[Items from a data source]
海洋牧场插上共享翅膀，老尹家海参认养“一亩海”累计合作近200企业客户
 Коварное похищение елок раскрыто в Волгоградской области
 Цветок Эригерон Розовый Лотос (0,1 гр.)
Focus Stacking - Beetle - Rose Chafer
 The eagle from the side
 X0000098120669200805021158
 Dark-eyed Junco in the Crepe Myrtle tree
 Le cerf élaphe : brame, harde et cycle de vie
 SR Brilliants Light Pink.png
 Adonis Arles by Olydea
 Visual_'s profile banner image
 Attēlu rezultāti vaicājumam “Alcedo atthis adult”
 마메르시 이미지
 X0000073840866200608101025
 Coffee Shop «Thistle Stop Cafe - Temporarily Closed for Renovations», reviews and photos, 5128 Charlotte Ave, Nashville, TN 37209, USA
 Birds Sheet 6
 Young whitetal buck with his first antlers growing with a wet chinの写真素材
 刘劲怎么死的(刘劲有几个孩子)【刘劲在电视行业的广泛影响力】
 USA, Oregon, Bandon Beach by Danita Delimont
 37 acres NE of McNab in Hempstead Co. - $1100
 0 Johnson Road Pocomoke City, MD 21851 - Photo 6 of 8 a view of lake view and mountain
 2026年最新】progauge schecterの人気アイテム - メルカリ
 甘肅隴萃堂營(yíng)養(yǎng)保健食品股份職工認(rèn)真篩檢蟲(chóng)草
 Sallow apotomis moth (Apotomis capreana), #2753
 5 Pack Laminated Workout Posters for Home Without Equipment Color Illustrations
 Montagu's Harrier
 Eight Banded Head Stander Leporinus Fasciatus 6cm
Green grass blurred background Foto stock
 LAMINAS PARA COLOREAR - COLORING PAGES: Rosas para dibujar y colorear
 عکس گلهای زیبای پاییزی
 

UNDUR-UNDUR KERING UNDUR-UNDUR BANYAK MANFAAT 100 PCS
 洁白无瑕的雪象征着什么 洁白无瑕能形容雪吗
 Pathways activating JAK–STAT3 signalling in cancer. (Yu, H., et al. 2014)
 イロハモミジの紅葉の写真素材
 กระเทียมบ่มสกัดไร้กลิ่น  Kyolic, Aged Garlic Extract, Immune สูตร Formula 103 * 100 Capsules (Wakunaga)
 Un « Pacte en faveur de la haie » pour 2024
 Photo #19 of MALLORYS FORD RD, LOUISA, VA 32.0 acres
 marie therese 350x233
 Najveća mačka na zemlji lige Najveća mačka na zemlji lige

**Instructions to follow**. From the entries above, give again exactly the lines running from the line with "The eagle from the side" to the line with "100 Capsules (Wakunaga)"; include both of those lines.

**Your solution**.
 The eagle from the side
 X0000098120669200805021158
 Dark-eyed Junco in the Crepe Myrtle tree
 Le cerf élaphe : brame, harde et cycle de vie
 SR Brilliants Light Pink.png
 Adonis Arles by Olydea
 Visual_'s profile banner image
 Attēlu rezultāti vaicājumam “Alcedo atthis adult”
 마메르시 이미지
 X0000073840866200608101025
 Coffee Shop «Thistle Stop Cafe - Temporarily Closed for Renovations», reviews and photos, 5128 Charlotte Ave, Nashville, TN 37209, USA
 Birds Sheet 6
 Young whitetal buck with his first antlers growing with a wet chinの写真素材
 刘劲怎么死的(刘劲有几个孩子)【刘劲在电视行业的广泛影响力】
 USA, Oregon, Bandon Beach by Danita Delimont
 37 acres NE of McNab in Hempstead Co. - $1100
 0 Johnson Road Pocomoke City, MD 21851 - Photo 6 of 8 a view of lake view and mountain
 2026年最新】progauge schecterの人気アイテム - メルカリ
 甘肅隴萃堂營(yíng)養(yǎng)保健食品股份職工認(rèn)真篩檢蟲(chóng)草
 Sallow apotomis moth (Apotomis capreana), #2753
 5 Pack Laminated Workout Posters for Home Without Equipment Color Illustrations
 Montagu's Harrier
 Eight Banded Head Stander Leporinus Fasciatus 6cm
Green grass blurred background Foto stock
 LAMINAS PARA COLOREAR - COLORING PAGES: Rosas para dibujar y colorear
 عکس گلهای زیبای پاییزی
 

UNDUR-UNDUR KERING UNDUR-UNDUR BANYAK MANFAAT 100 PCS
 洁白无瑕的雪象征着什么 洁白无瑕能形容雪吗
 Pathways activating JAK–STAT3 signalling in cancer. (Yu, H., et al. 2014)
 イロハモミジの紅葉の写真素材
 กระเทียมบ่มสกัดไร้กลิ่น  Kyolic, Aged Garlic Extract, Immune สูตร Formula 103 * 100 Capsules (Wakunaga)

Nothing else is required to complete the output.